**ASSIGNMENT:** Nothing but the text should be carried over: reproduce all the data exactly and leave out every image.
-------- EXERCISE DATA
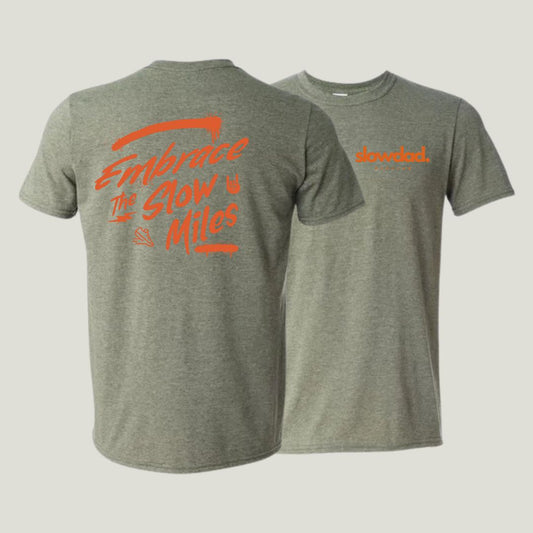 Embrace the Slow Miles Tee - Heather Military Green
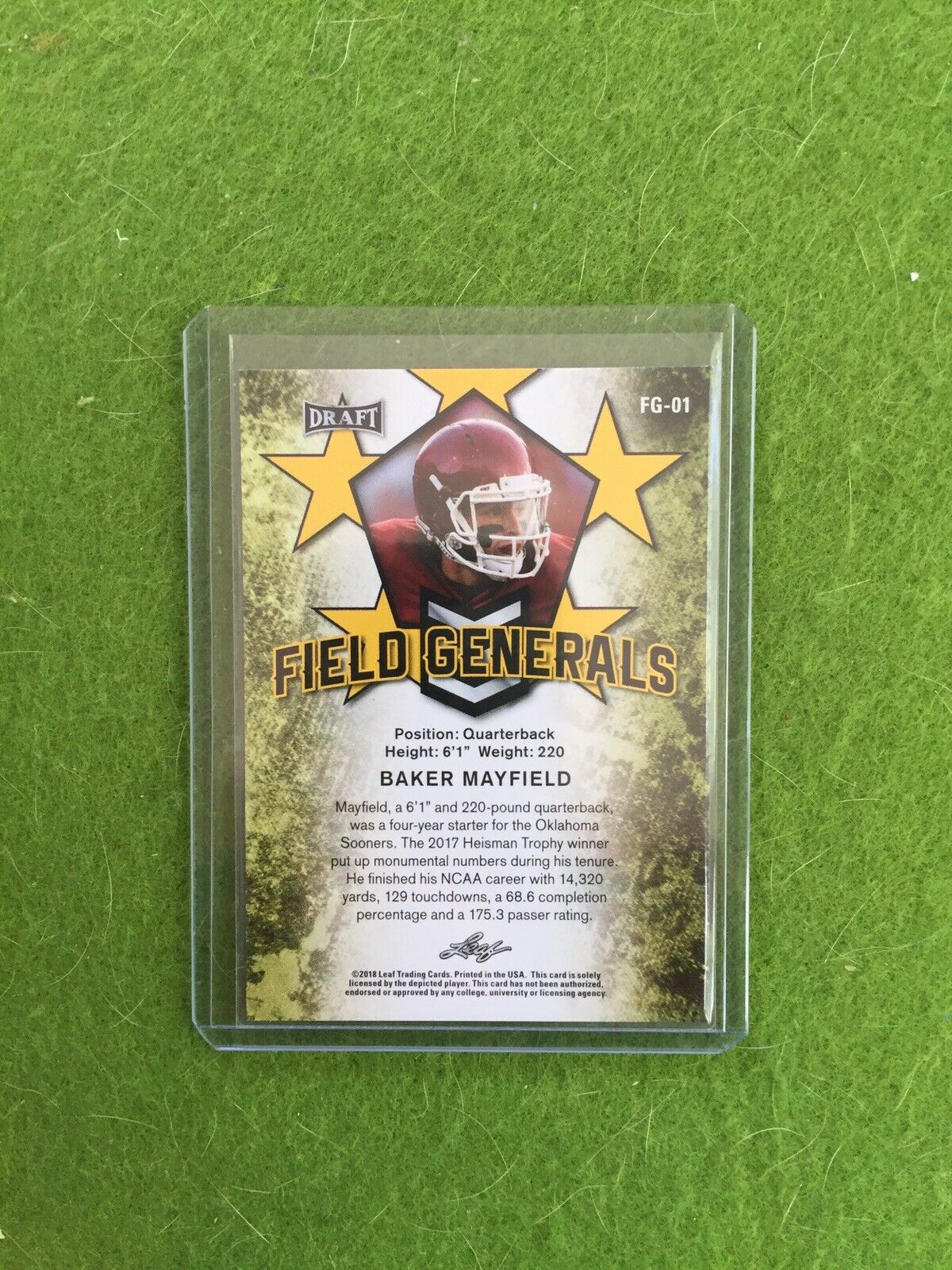 BAKER MAYFIELD ROOKIE CARD RC BROWNS JERSEY #6 OKLAHOMA 2018 Leaf Draft #FG01 SP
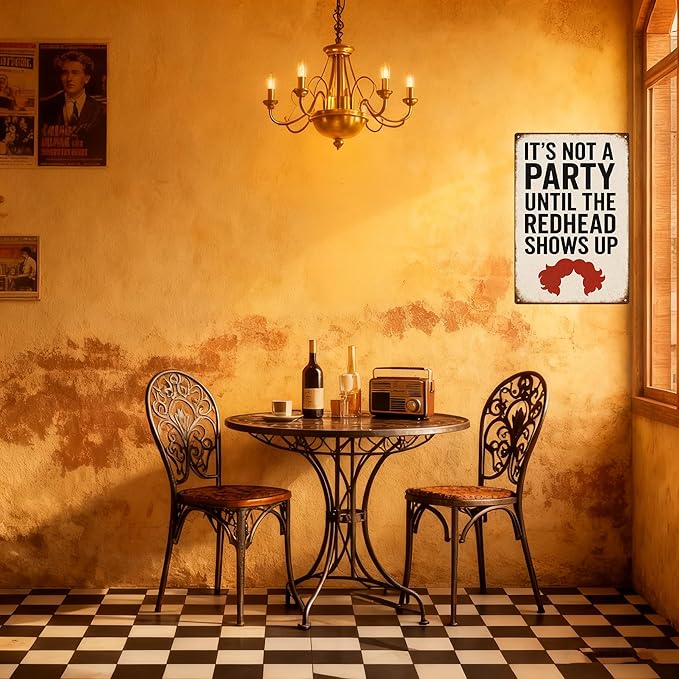 Football Party Decorations Funny Football Gift Vintage Redhead Metal Sign –“IT’S NOT A PARTY UNTIL THE REDHEAD SHOWS UP” Retro Wall Decor for Home Bar, Game Room, or Party Space – Humorous Gift for Redheads, Friends, and Fun Lovers (Redhead)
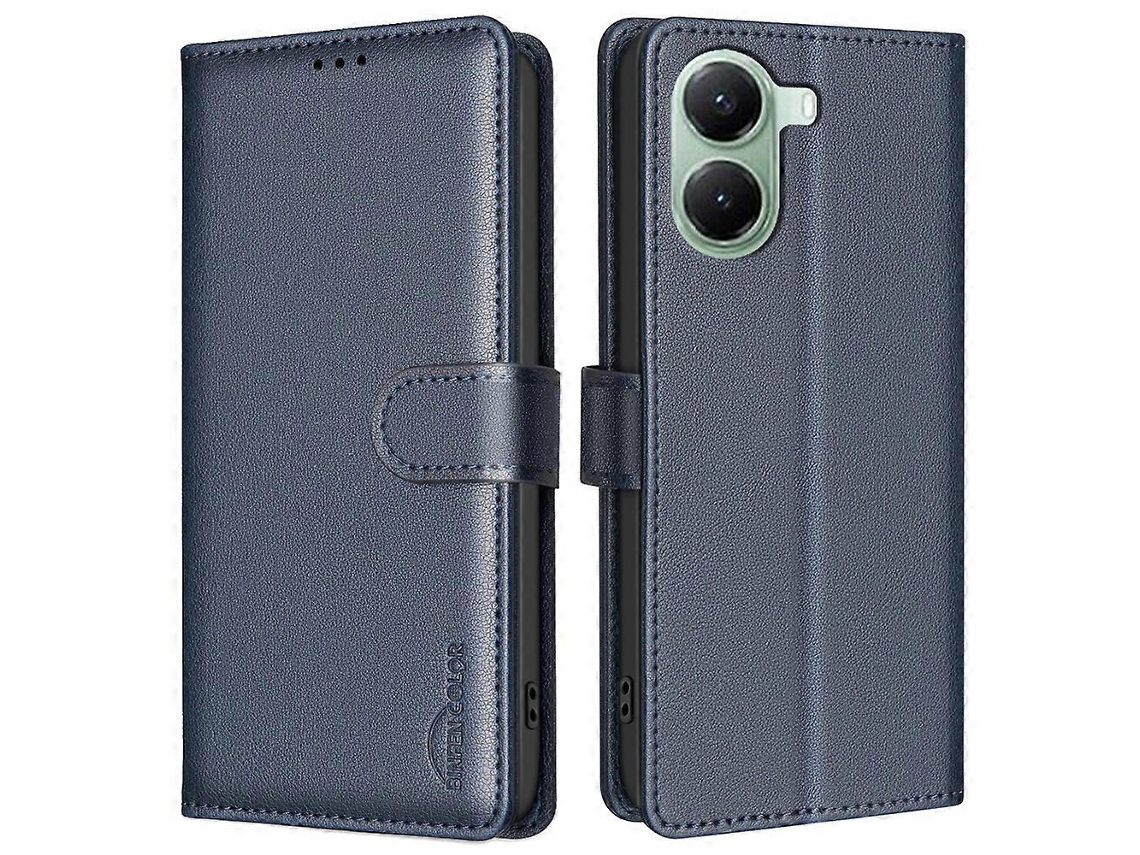 Capa De Celular Binfen Color Bf32 Para Xiaomi Poco X7 Pro 5g / Redmi Turbo 4 5g, Capa De Couro, Carteira Com Bloqueio Rfid, Azul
----------------
**RESPONSE TO THE TASK:**
 Embrace the Slow Miles Tee - Heather Military Green
 BAKER MAYFIELD ROOKIE CARD RC BROWNS JERSEY #6 OKLAHOMA 2018 Leaf Draft #FG01 SP
 Football Party Decorations Funny Football Gift Vintage Redhead Metal Sign –“IT’S NOT A PARTY UNTIL THE REDHEAD SHOWS UP” Retro Wall Decor for Home Bar, Game Room, or Party Space – Humorous Gift for Redheads, Friends, and Fun Lovers (Redhead)
 Capa De Celular Binfen Color Bf32 Para Xiaomi Poco X7 Pro 5g / Redmi Turbo 4 5g, Capa De Couro, Carteira Com Bloqueio Rfid, Azul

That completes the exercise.